Active vitamin D (calcitriol) reinforces this effect. It upregulates the calcium pump on the basolateral side of distal tubule cells, increasing their capacity to export calcium back into the blood. PTH also stimulates the kidney to produce more calcitriol, so the two hormones work as a coordinated system. When blood calcium is adequate, PTH secretion drops, TRPV5 activity decreases, and more calcium passes into the urine.

Why Diuretics Affect Calcium Differently

Understanding where calcium is reabsorbed explains a common clinical observation: loop diuretics increase calcium loss in urine, while thiazide diuretics decrease it. Loop diuretics block the sodium-potassium-chloride transporter in the thick ascending limb, collapsing the lumen-positive voltage that drives paracellular calcium reabsorption. Without that electrical gradient, calcium stays in the tubular fluid and is excreted.

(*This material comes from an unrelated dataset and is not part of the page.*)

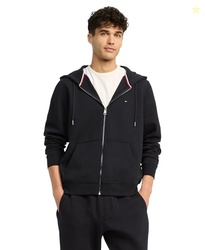 Tommy Hilfiger Men's Logo Zip Thru Hoodies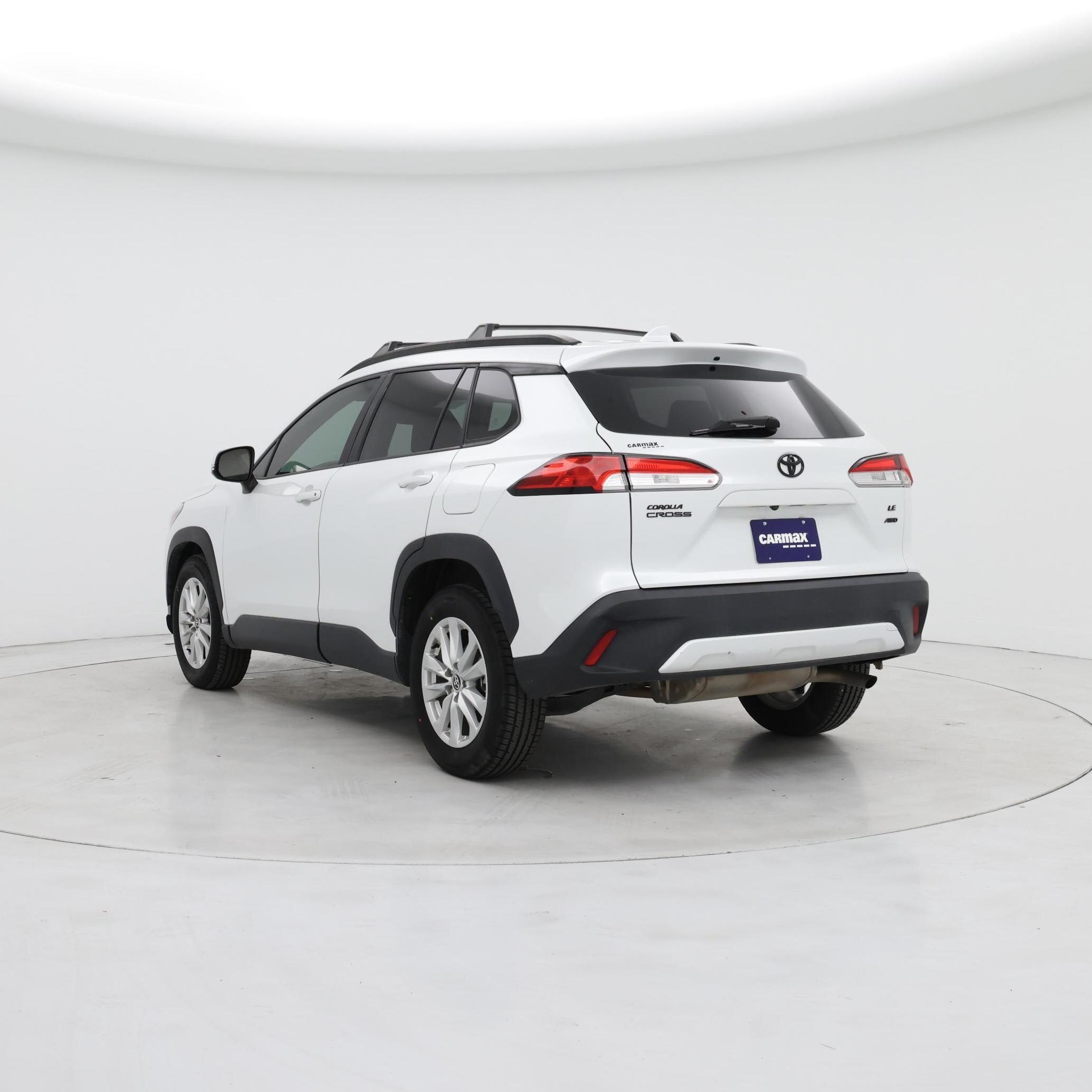 Thumbnail: 2022 Toyota Corolla Cross - 2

This property makes loop diuretics useful for lowering dangerously high blood calcium.

Thiazide diuretics work in the distal convoluted tubule, where they block a sodium-chloride transporter. This lowers intracellular sodium, which enhances the sodium-calcium exchanger on the basolateral side, effectively pulling more calcium out of the cell and back into the blood. The result is less calcium in the urine, which is why thiazides are sometimes prescribed to people who form calcium kidney stones.

Segment-by-Segment Summary

  • Proximal tubule: ~65% of filtered calcium, passive paracellular transport driven by sodium and water reabsorption
  • Thick ascending limb: ~20–25%, passive paracellular transport driven by lumen-positive voltage and claudin channels
  • Distal convoluted tubule: ~5–10%, active transcellular transport through TRPV5, calbindin, and basolateral pumps

Only about 1–2% of filtered calcium appears in the final urine. The proximal tubule and thick ascending limb handle the heavy lifting through passive, bulk mechanisms, while the distal tubule provides the hormonal fine-tuning that keeps blood calcium within a narrow range.